#### [SOURCE INFORMATION]

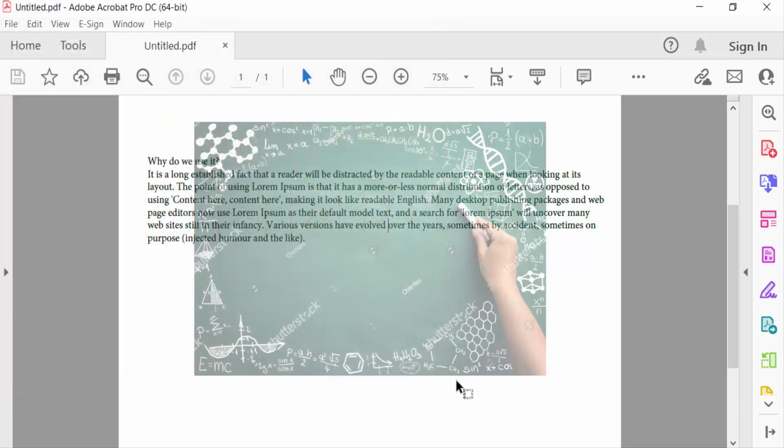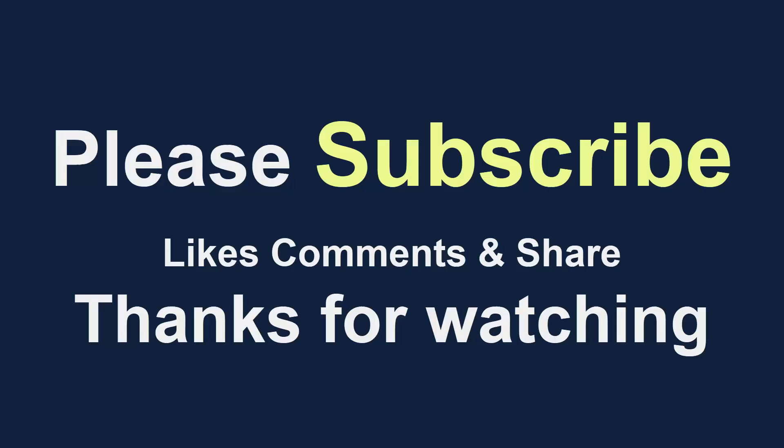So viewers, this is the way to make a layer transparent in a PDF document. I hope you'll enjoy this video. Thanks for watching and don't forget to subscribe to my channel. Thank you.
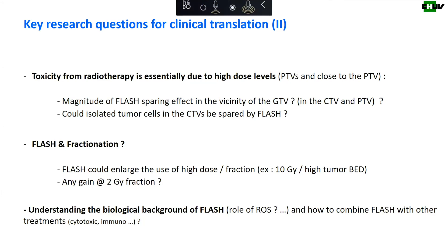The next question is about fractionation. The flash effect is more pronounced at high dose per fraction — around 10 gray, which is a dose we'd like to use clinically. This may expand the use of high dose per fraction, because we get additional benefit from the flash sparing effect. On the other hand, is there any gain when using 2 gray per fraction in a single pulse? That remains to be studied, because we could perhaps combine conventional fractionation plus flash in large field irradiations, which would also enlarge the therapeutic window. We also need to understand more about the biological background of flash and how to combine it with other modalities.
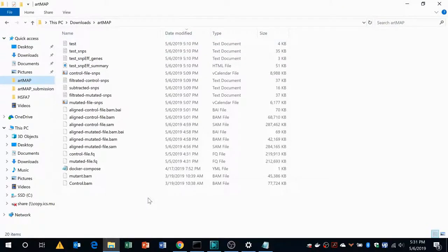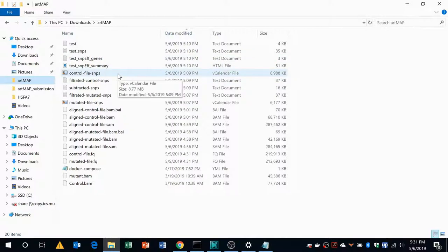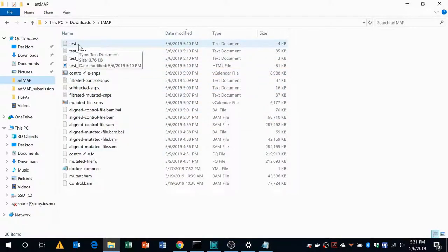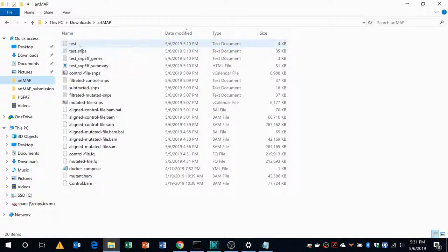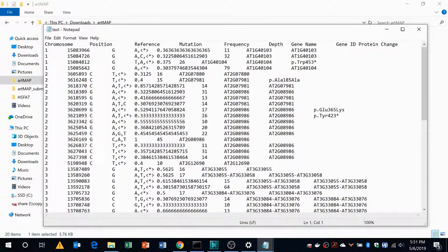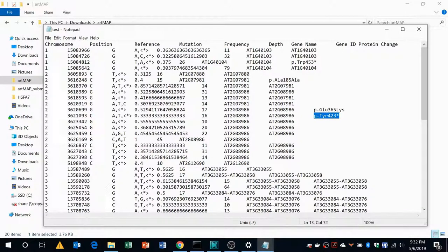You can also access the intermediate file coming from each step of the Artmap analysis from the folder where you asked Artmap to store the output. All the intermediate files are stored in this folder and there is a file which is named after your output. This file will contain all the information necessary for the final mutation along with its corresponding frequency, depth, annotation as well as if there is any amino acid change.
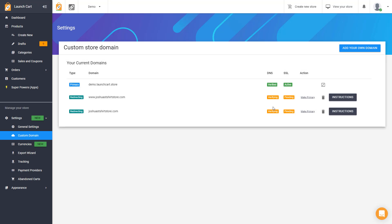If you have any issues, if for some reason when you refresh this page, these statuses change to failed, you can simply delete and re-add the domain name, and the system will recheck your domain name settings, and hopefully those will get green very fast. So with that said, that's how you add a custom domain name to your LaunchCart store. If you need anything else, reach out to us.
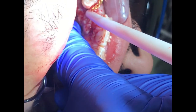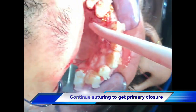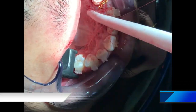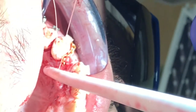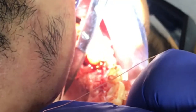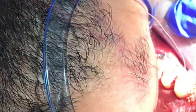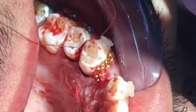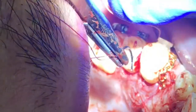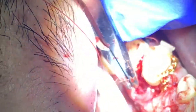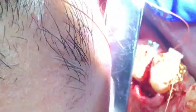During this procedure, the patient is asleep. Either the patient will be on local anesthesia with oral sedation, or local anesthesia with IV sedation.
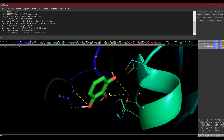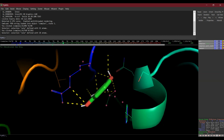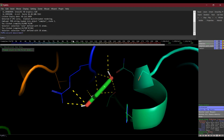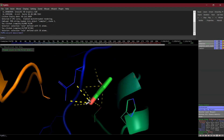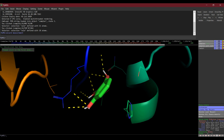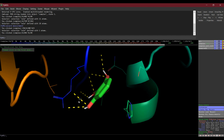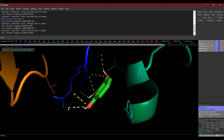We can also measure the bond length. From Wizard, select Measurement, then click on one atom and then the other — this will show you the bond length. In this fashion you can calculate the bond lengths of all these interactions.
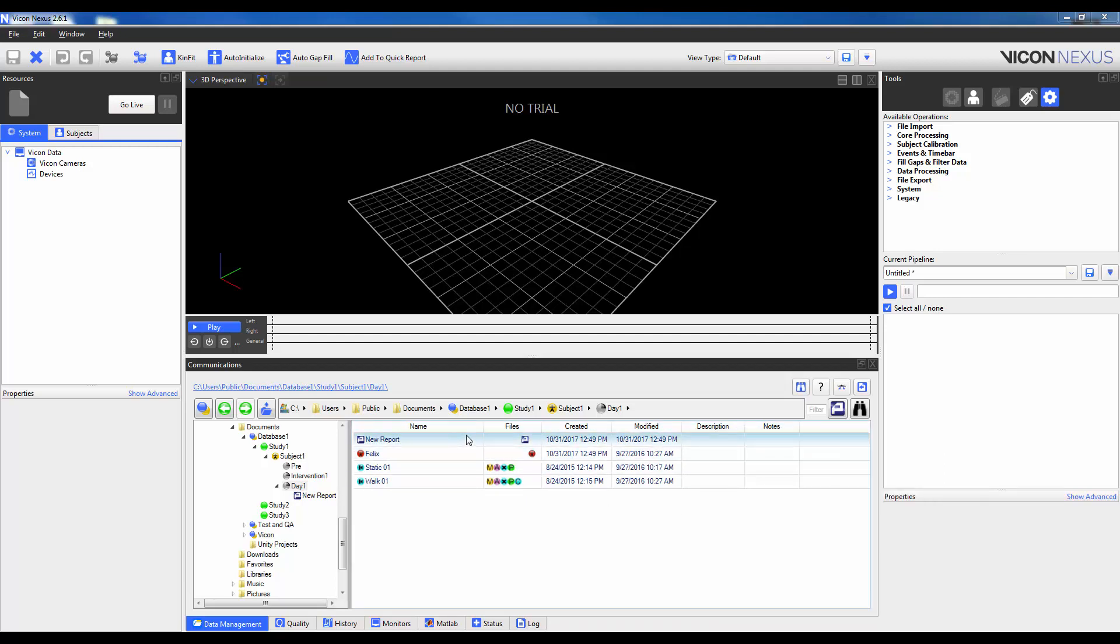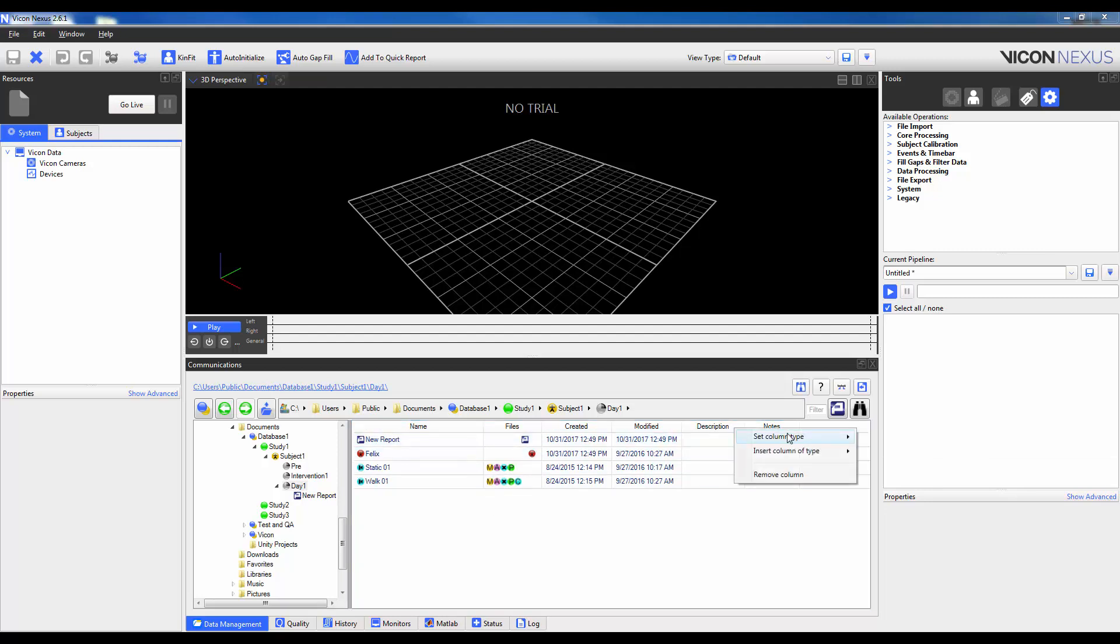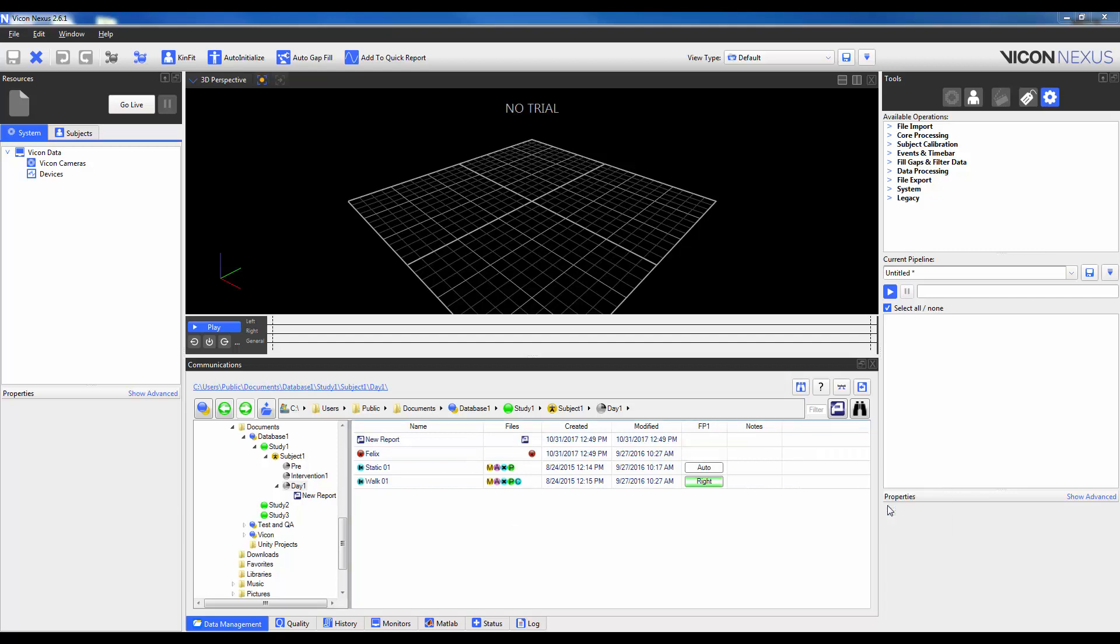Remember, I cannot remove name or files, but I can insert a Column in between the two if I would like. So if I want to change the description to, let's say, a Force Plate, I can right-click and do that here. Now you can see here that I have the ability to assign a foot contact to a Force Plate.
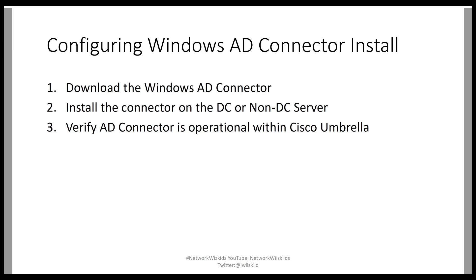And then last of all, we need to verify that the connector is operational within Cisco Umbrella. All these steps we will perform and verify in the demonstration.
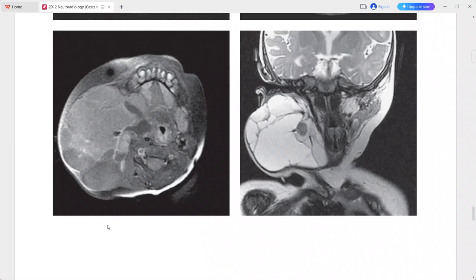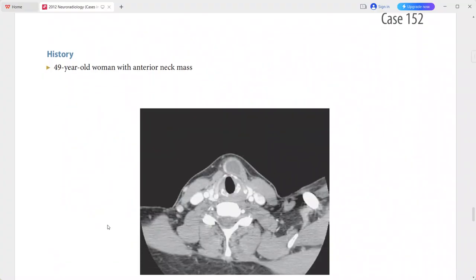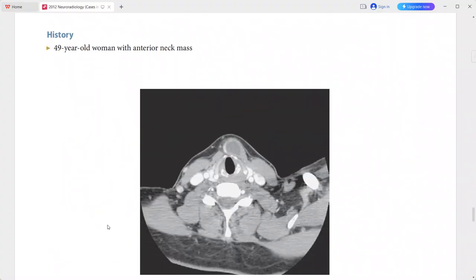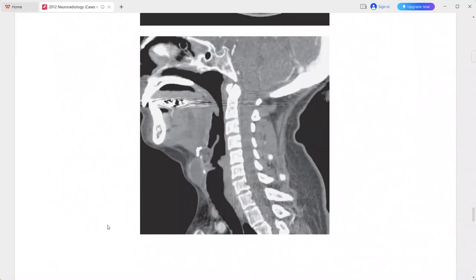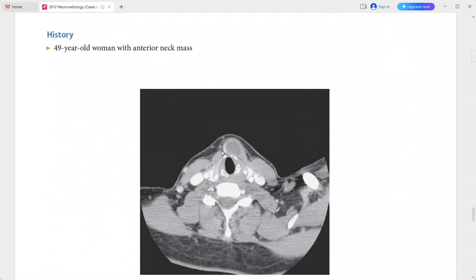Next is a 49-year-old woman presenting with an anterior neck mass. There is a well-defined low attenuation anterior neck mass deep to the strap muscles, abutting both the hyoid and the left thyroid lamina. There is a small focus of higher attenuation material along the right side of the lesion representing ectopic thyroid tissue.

#### [PROBLEM TO SOLVE]
Having found the line with "You can also" and the line with "During this procedure, the" in the material above, write out exactly those two and every line between, leaving the pictures out.

#### [WRITTEN SOLUTION]
You can also access the intermediate file coming from each step of the Artmap analysis from the folder where you asked Artmap to store the output. All the intermediate files are stored in this folder and there is a file which is named after your output. This file will contain all the information necessary for the final mutation along with its corresponding frequency, depth, annotation as well as if there is any amino acid change.
If you have any issues, if for some reason when you refresh this page, these statuses change to failed, you can simply delete and re-add the domain name, and the system will recheck your domain name settings, and hopefully those will get green very fast. So with that said, that's how you add a custom domain name to your LaunchCart store. If you need anything else, reach out to us.
During this procedure, the patient is asleep. Either the patient will be on local anesthesia with oral sedation, or local anesthesia with IV sedation.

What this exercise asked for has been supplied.